• **Task description**
Repeat exactly what runs from the line with "Pisces - Zodiac" through the last line of the material, and keep the pictures out of it.

• **Given data**
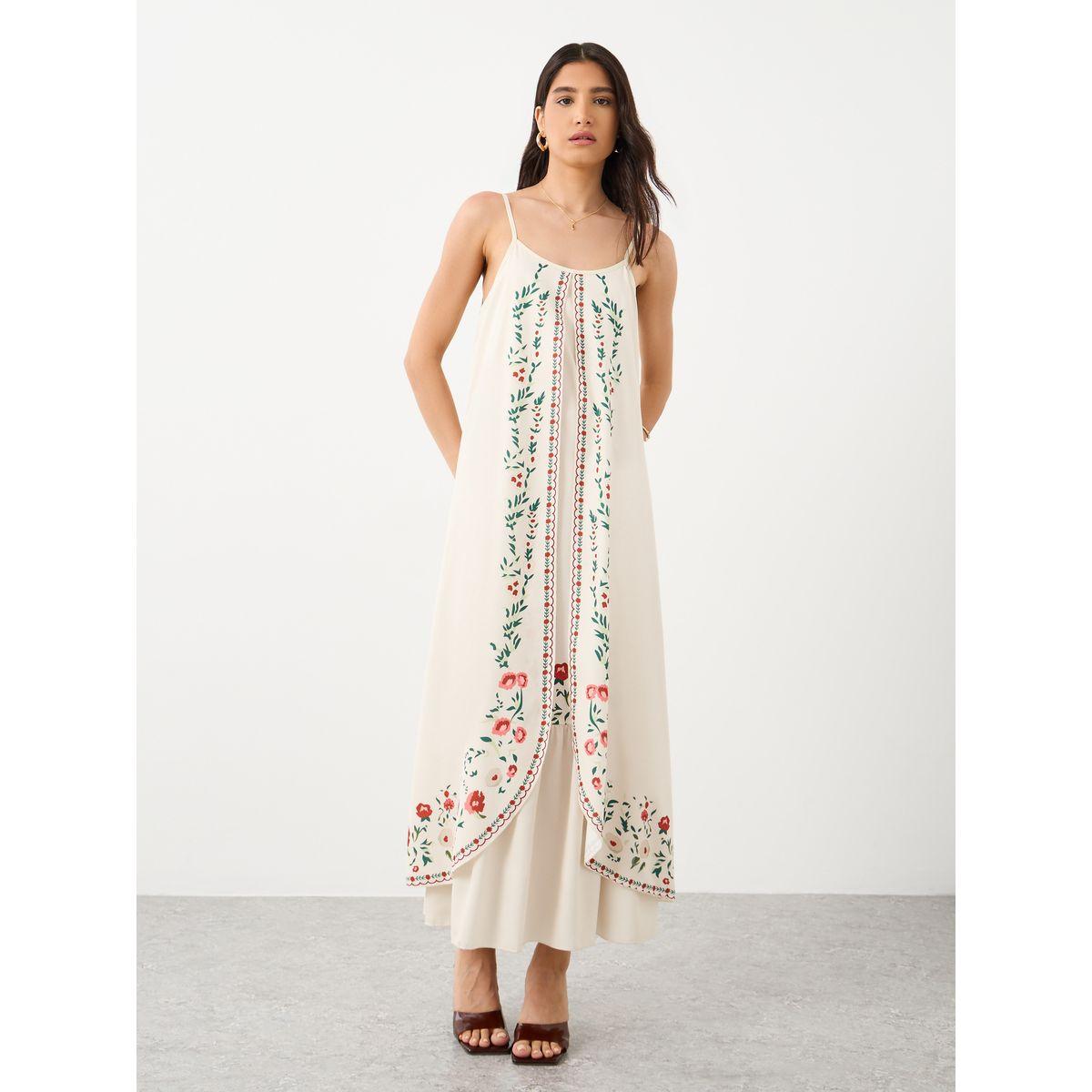 Styli Floral Print Strappy Maxi Dress-women-clothing-dresses-image-2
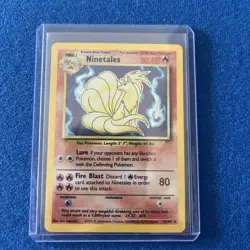 Pokemon TCG Ninetales Holo Rare Unlimited 12/102 Base Set - Image 1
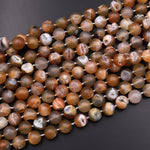 Rare Matte Natural Honey Golden Druzy Agate 12mm 14mm Round Beads With Sparkling White Quartz Druzy Crystal Cave 15.5" Strand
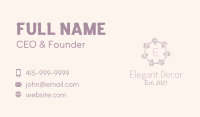 Flower Decoration Lettermark Business Card Image Preview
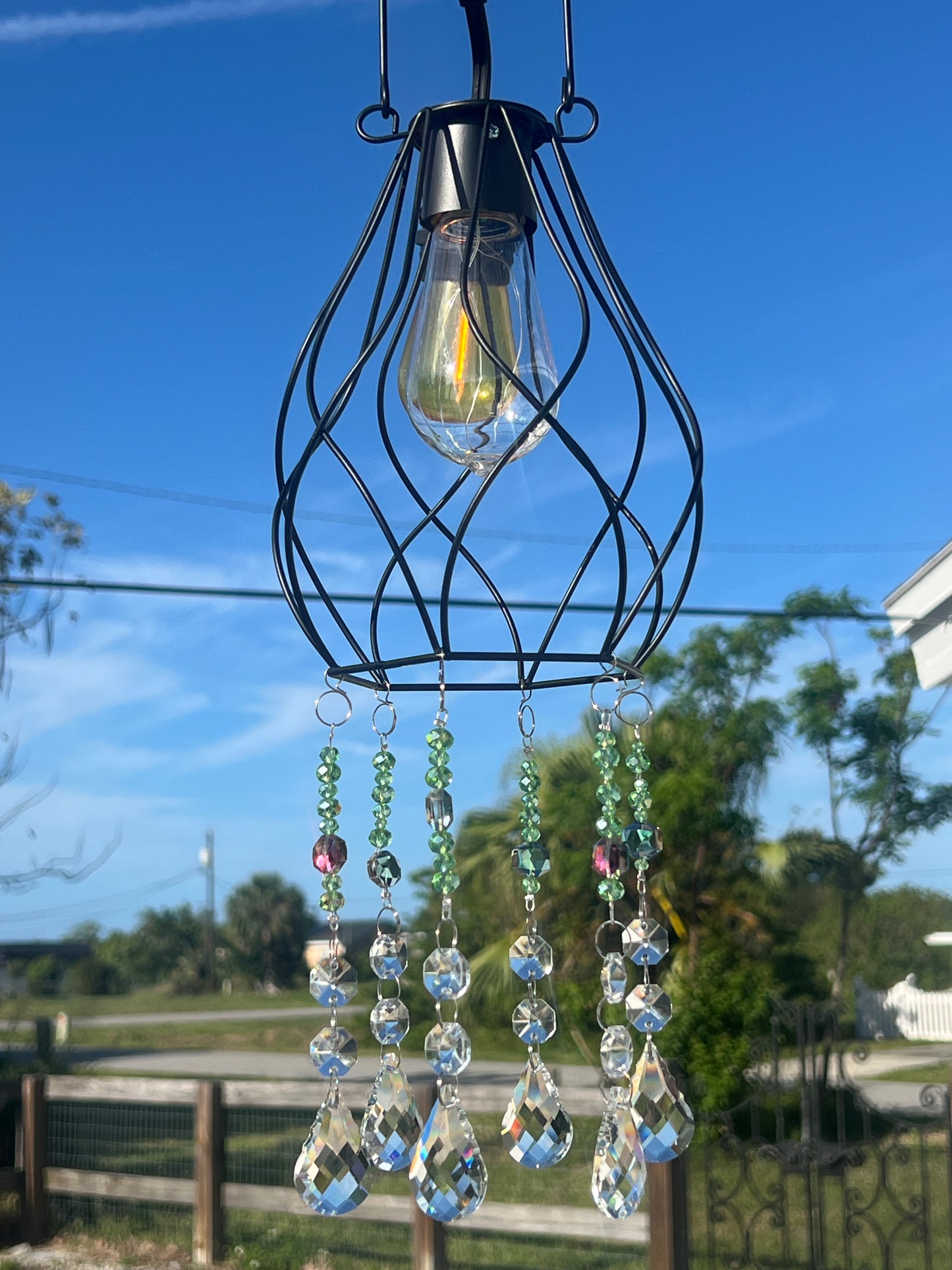 Custom Solar Suncatcher Lantern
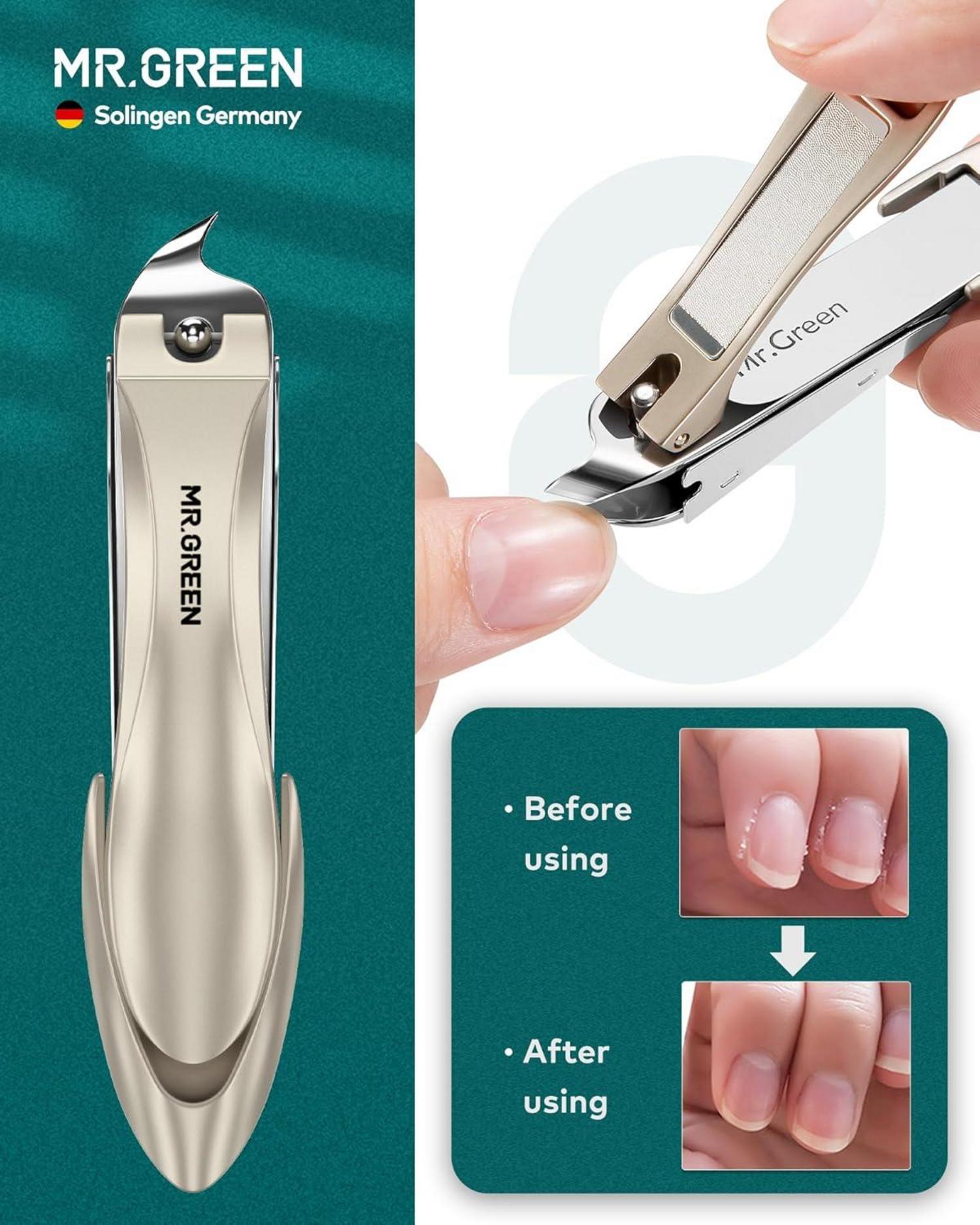 Professionelles Maniküre-Set mit hochwertigem Edelstahl-Gesicht Hand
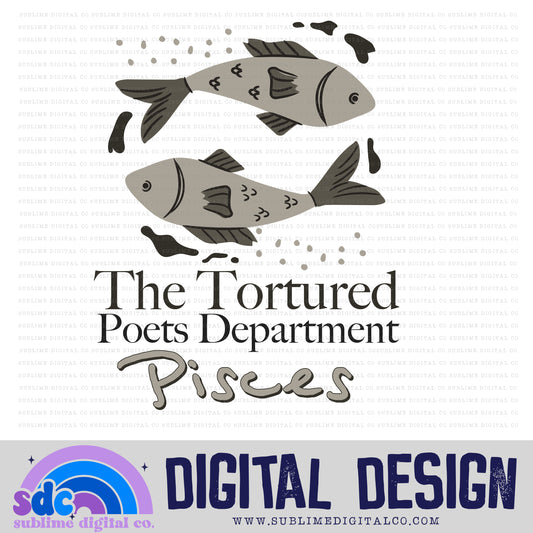 Pisces - Zodiac [2 Files] • TS • Instant Download • Sublimation Design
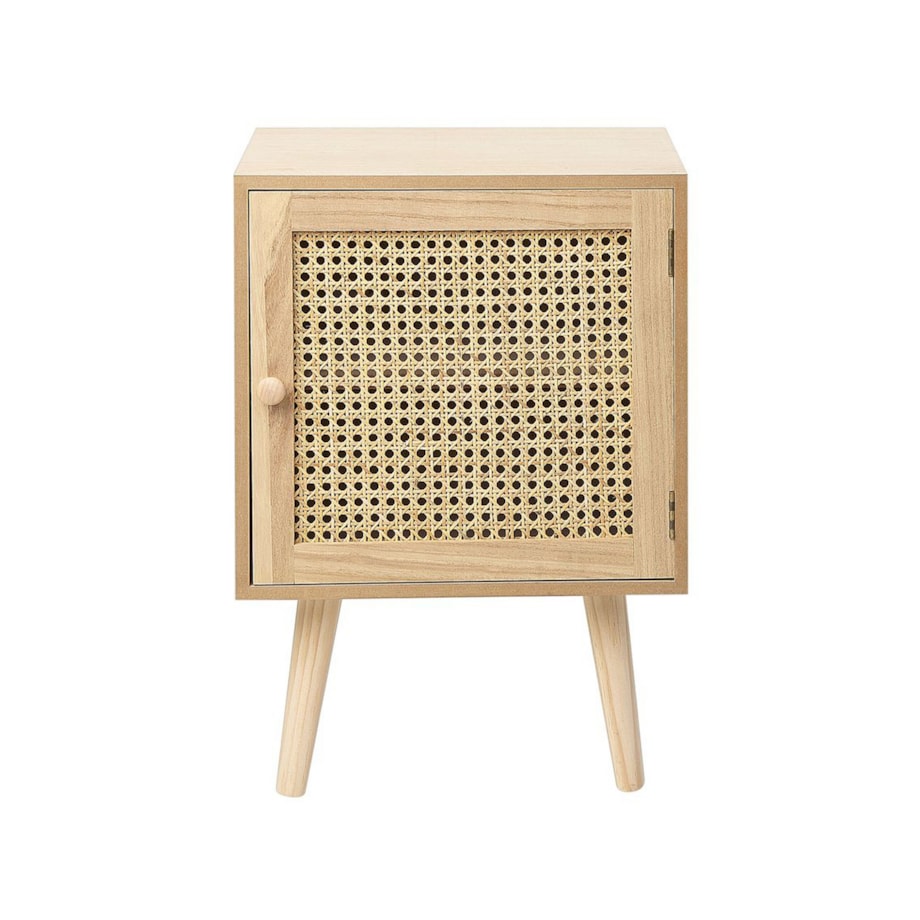 Szafka nocna front rattanowy jasne drewno ALMO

• **Answer box**
 Pisces - Zodiac [2 Files] • TS • Instant Download • Sublimation Design
 Szafka nocna front rattanowy jasne drewno ALMO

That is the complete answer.